> _PROBLEM REQUIREMENTS_:
Transcribe exactly, leaving out pictures, the lines from the one that holds "junger Mann, ein" through the end of the data below, including both end lines and no others.

[Caption-style text data]
=== Section Start ===
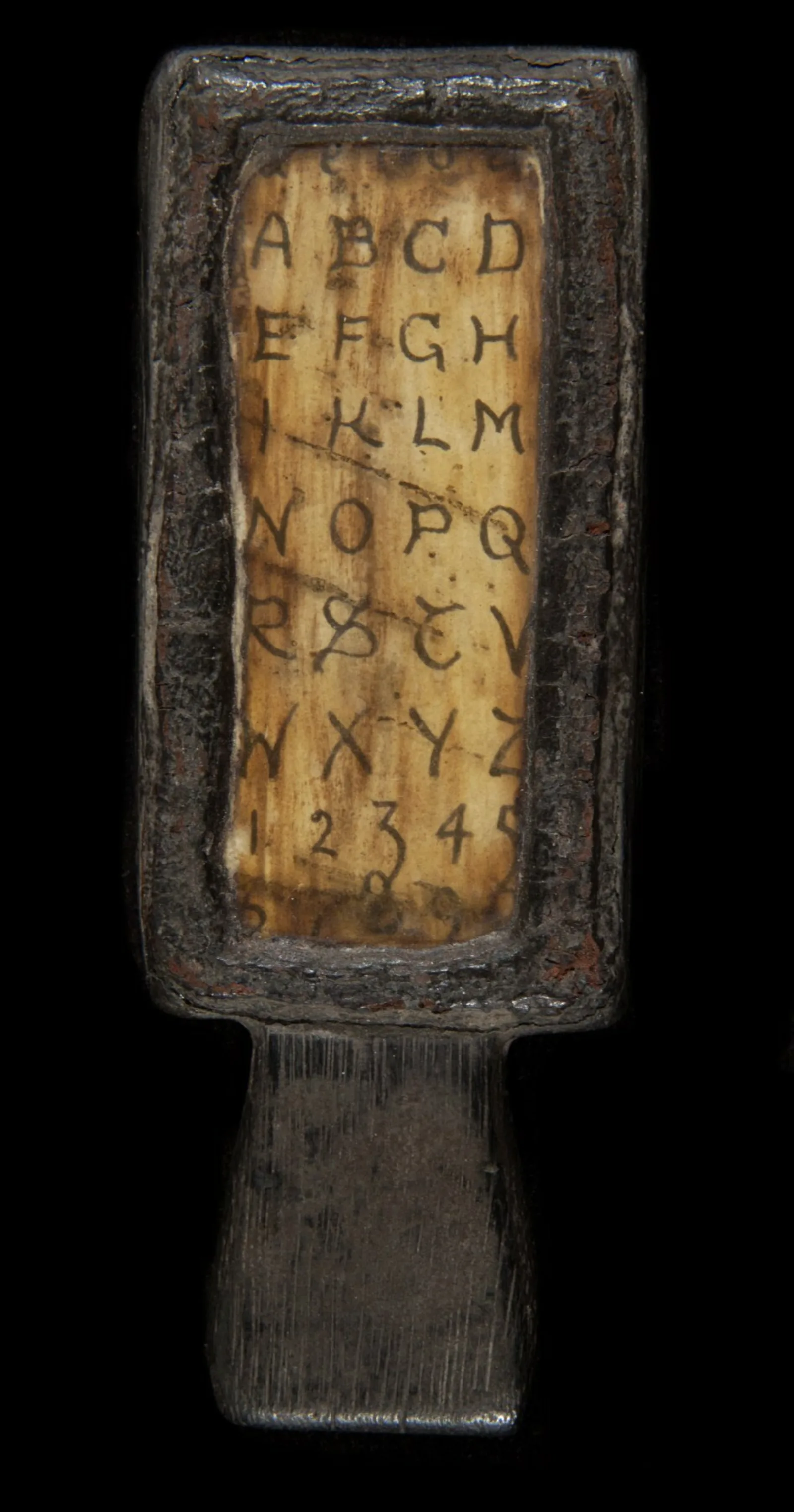 A hornbook A small wooden paddle has a transparent screen running vertically. Under the screen is a handwritten alphabet.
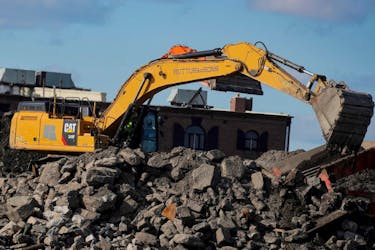 A Caterpillar (Cat) Excavator is seen working at a construction site near the New York Harbor in Brooklyn, New York, U.S., March 4, 2021. 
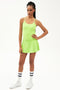 Full front view of girl wearing neon green upper thigh skirt with built in shorts, neon green  tank top and white shoes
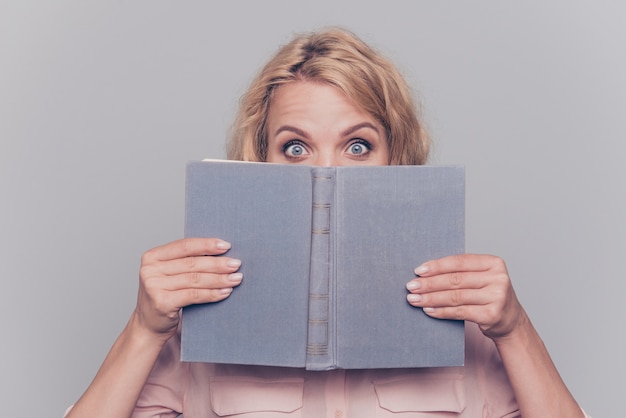 Close up portrait of blonde girl hold book hide her face isolated on gray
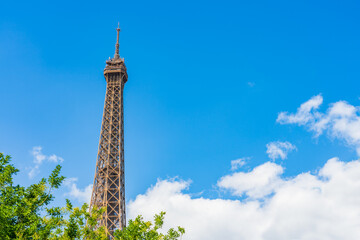 Obraz premium Top of Eiffel Tower seen from the park in Paris. France
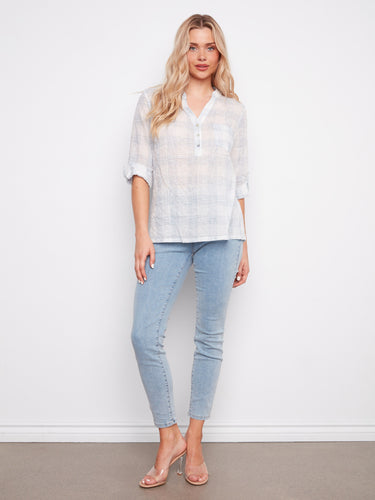 Stylish plaid blouse with a half-button design and comfortable fit by Charlie B.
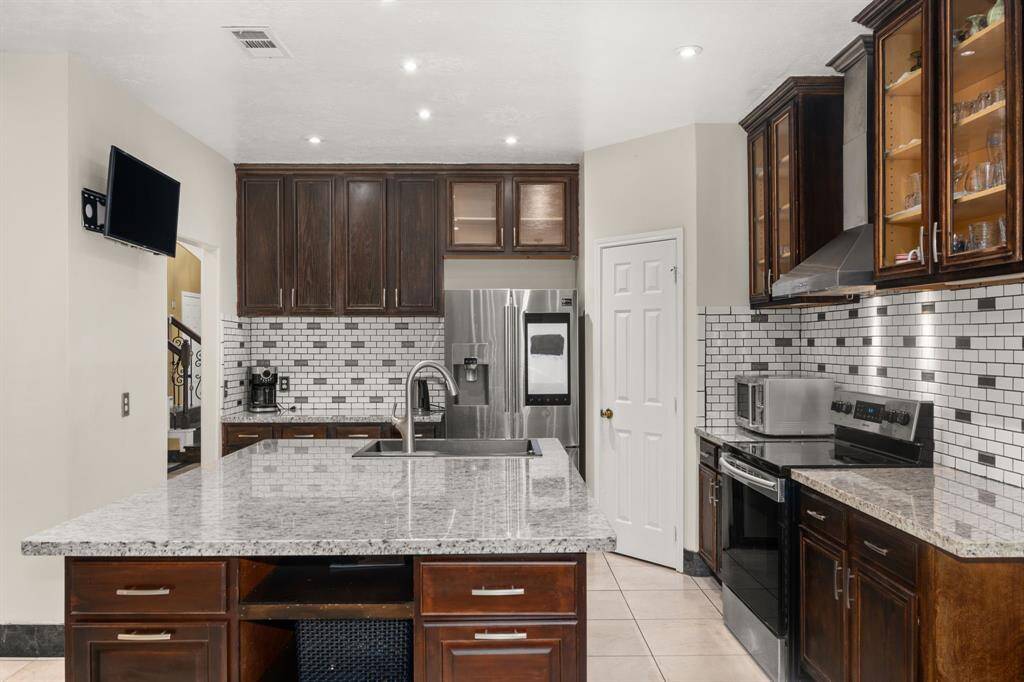 Modern meets function in this sleek kitchen featuring granite countertops, stainless steel appliances, and a spacious island perfect for cooking or entertaining.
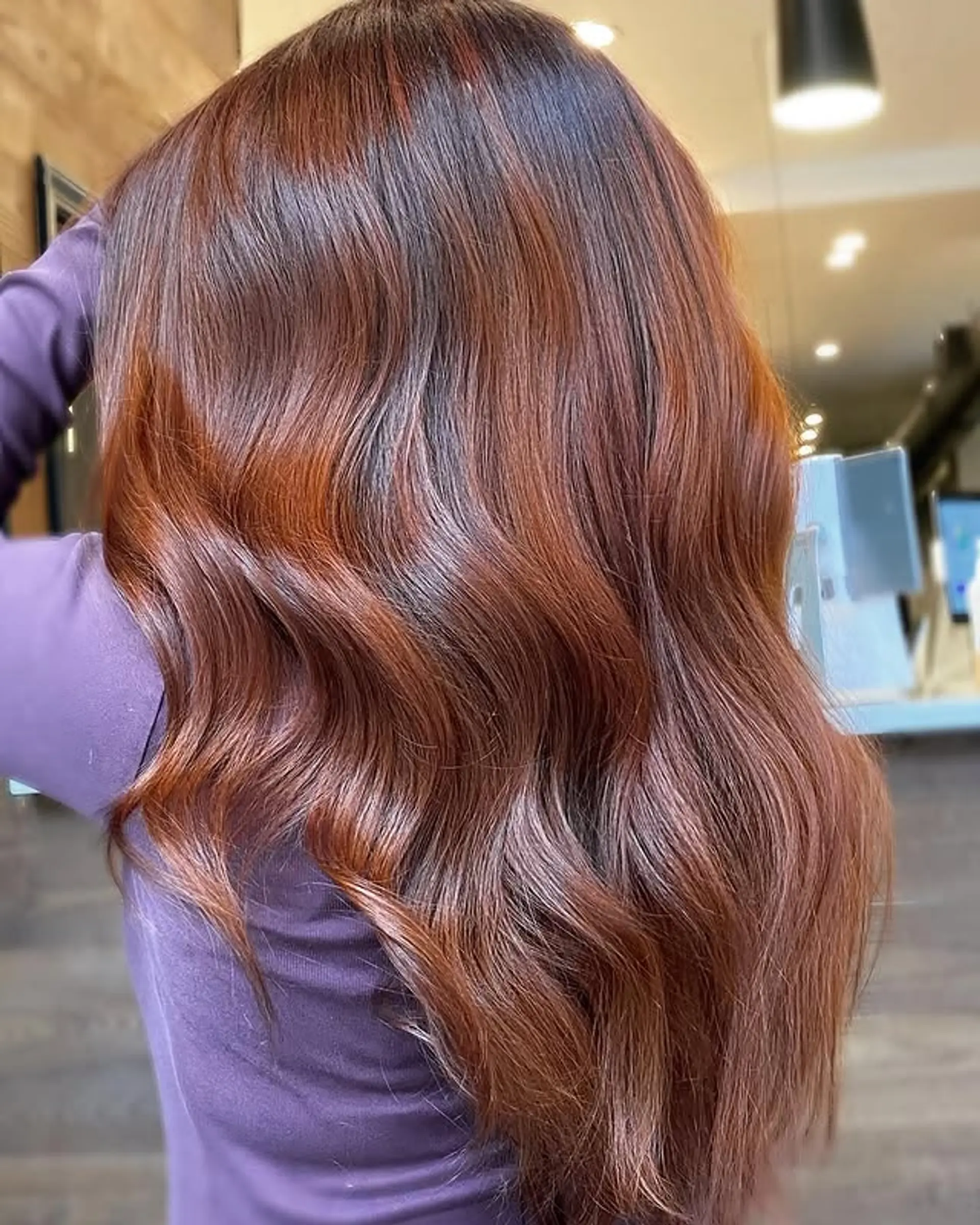 A long and wavy hairstyle with a copper balayage. 1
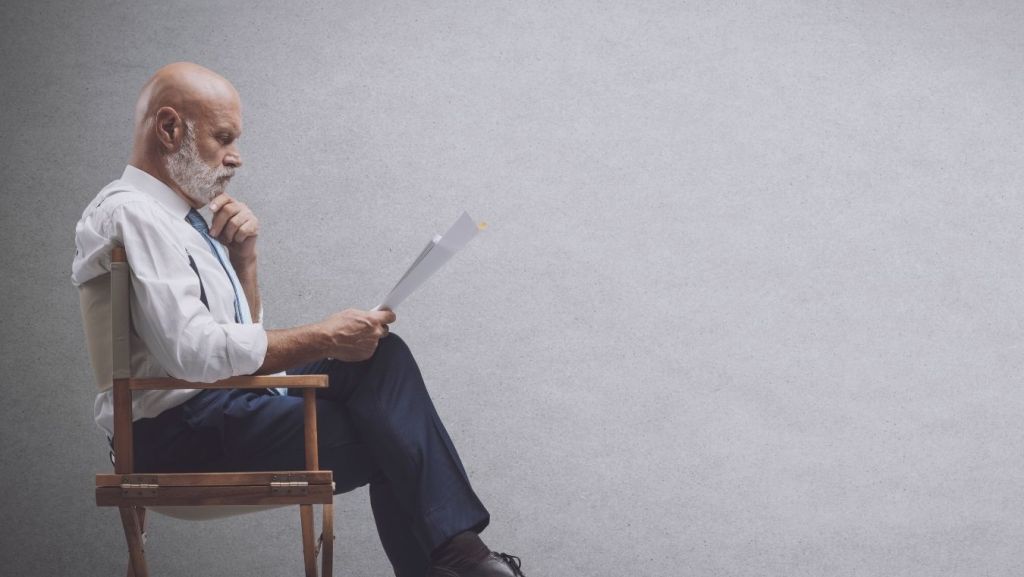 A literary agent or talent manager reviewing a script submission, representing how screenwriters get screenplay representation.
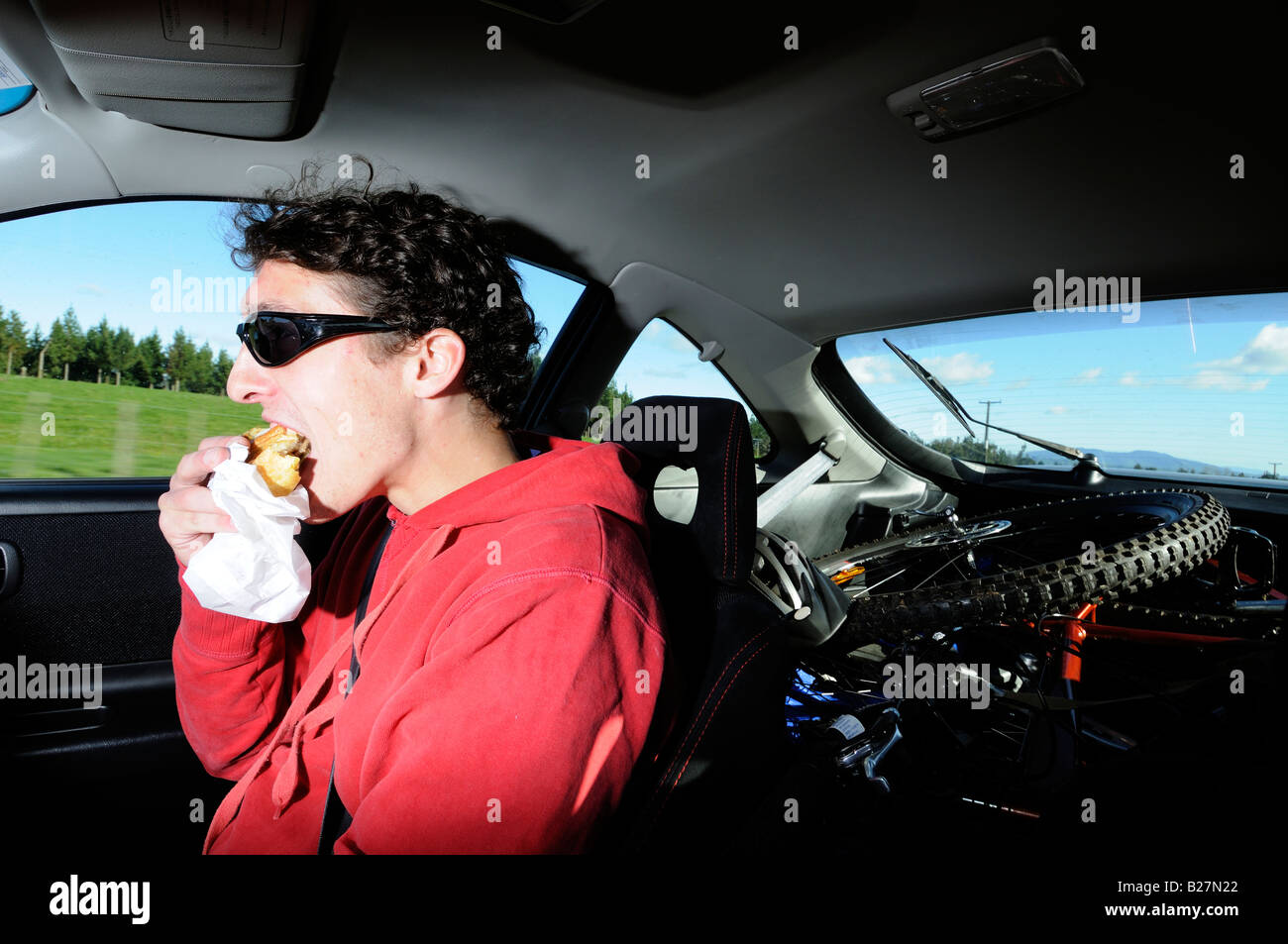 junger Mann, ein Auto zu fahren, während des Essens Stockfoto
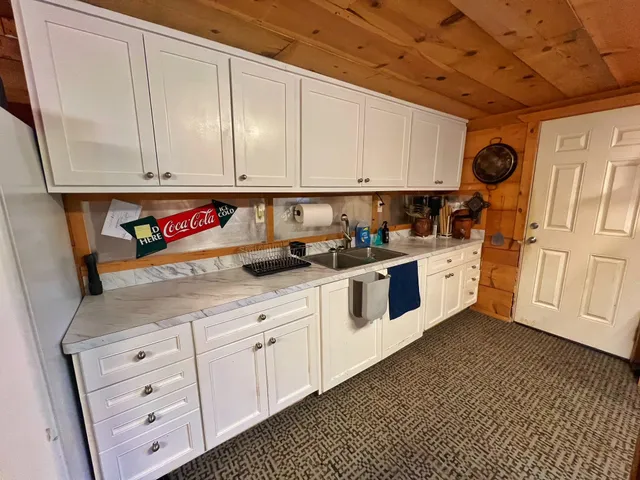 a kitchen with stainless steel appliances granite countertop a sink a stove and cabinets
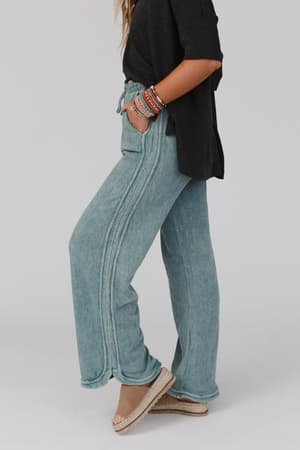 A person stands sideways in the So Comfy Wide Leg Pant Full Length - Teal, paired with a loose black top, beige platform sandals, and colorful beaded bracelets. The background is plain and light.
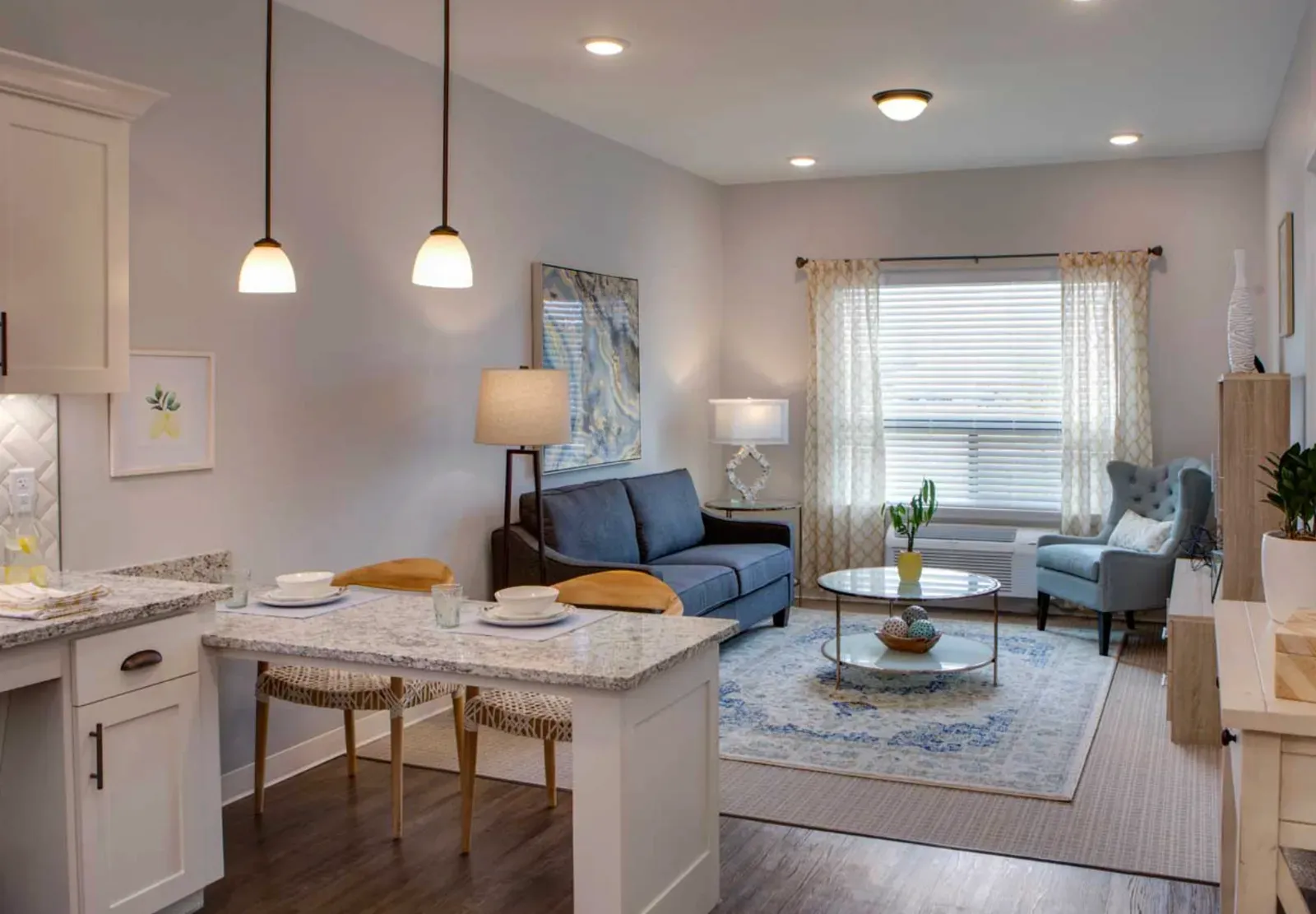 Senior-living apartment unit with finished painted drywall, recessed and pendant lighting, an open kitchenette and dining table beside a living area with a sofa, armchair, and curtained window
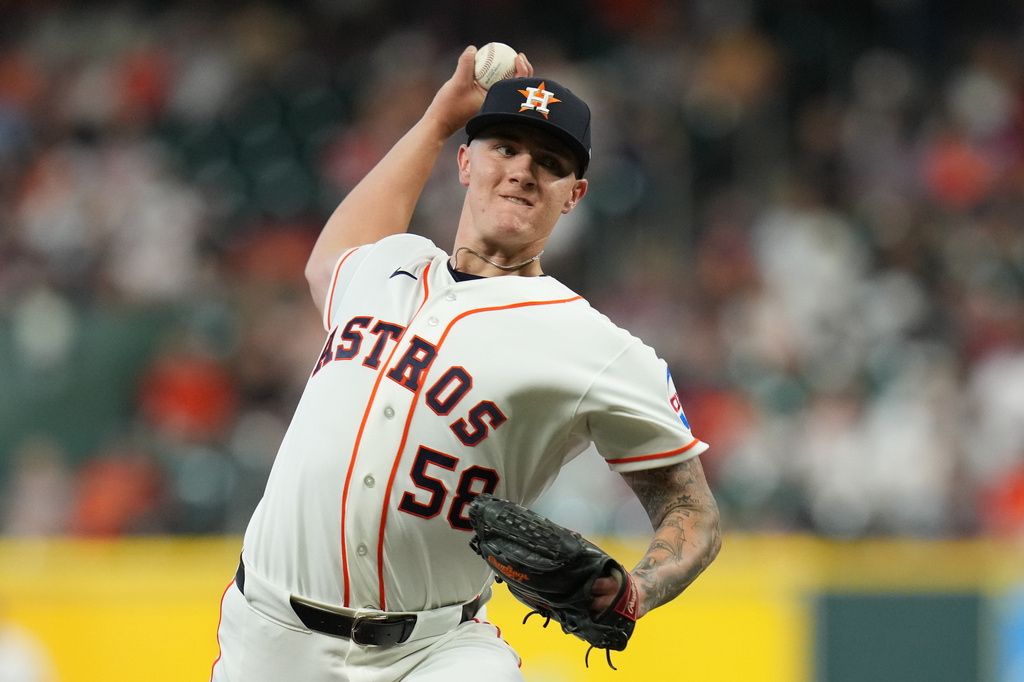 Houston Astros starting pitcher Hunter Brown delivers during the first inning of a baseball game against the Boston Red Sox in Houston, Tuesday, March 31, 2026. (AP Photo/Jon Shapley)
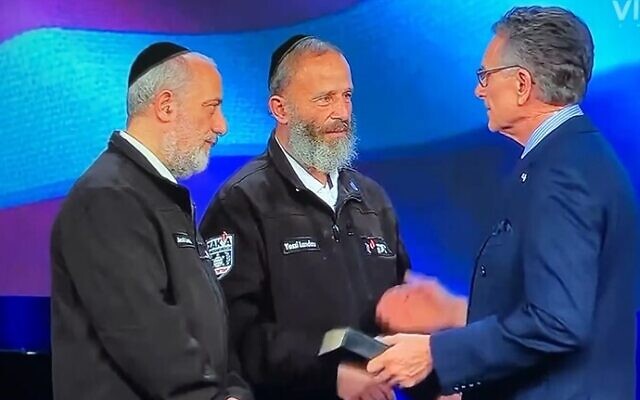 Yossi Landau, center, stands on stage with his brother Jacob and Pastor George Pearsons on February 2, 2024 in Newark, Texas. (Screenshot taken from the Facebook page of Eagle Mountain International Church)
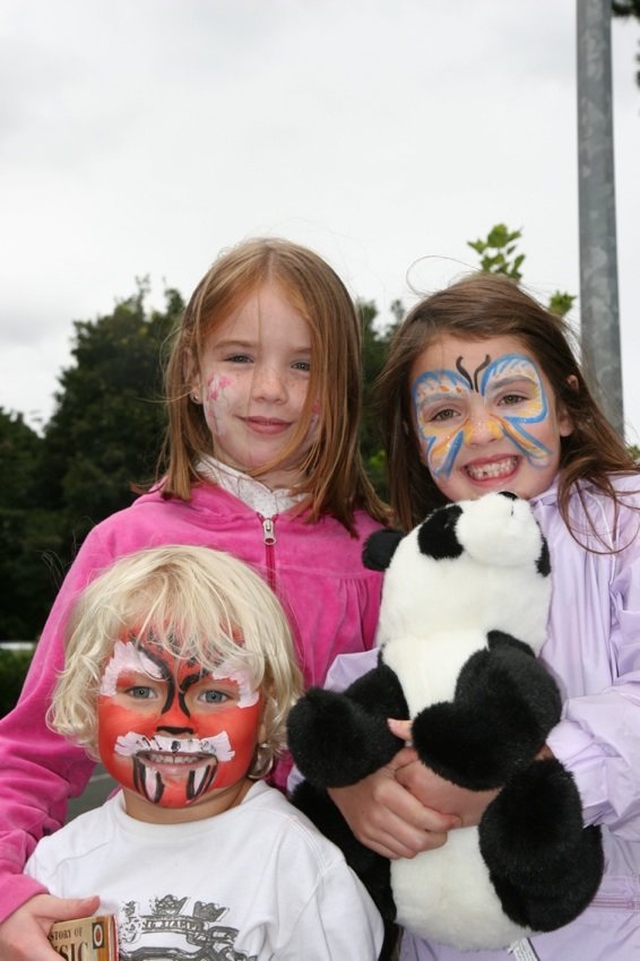 Three recently face-painted youngsters show off their new look.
=== Section End ===
> _SOLUTION TO THE PROBLEM_:
 junger Mann, ein Auto zu fahren, während des Essens Stockfoto
 a kitchen with stainless steel appliances granite countertop a sink a stove and cabinets
 A person stands sideways in the So Comfy Wide Leg Pant Full Length - Teal, paired with a loose black top, beige platform sandals, and colorful beaded bracelets. The background is plain and light.
 Senior-living apartment unit with finished painted drywall, recessed and pendant lighting, an open kitchenette and dining table beside a living area with a sofa, armchair, and curtained window
 Houston Astros starting pitcher Hunter Brown delivers during the first inning of a baseball game against the Boston Red Sox in Houston, Tuesday, March 31, 2026. (AP Photo/Jon Shapley)
 Yossi Landau, center, stands on stage with his brother Jacob and Pastor George Pearsons on February 2, 2024 in Newark, Texas. (Screenshot taken from the Facebook page of Eagle Mountain International Church)
 Three recently face-painted youngsters show off their new look.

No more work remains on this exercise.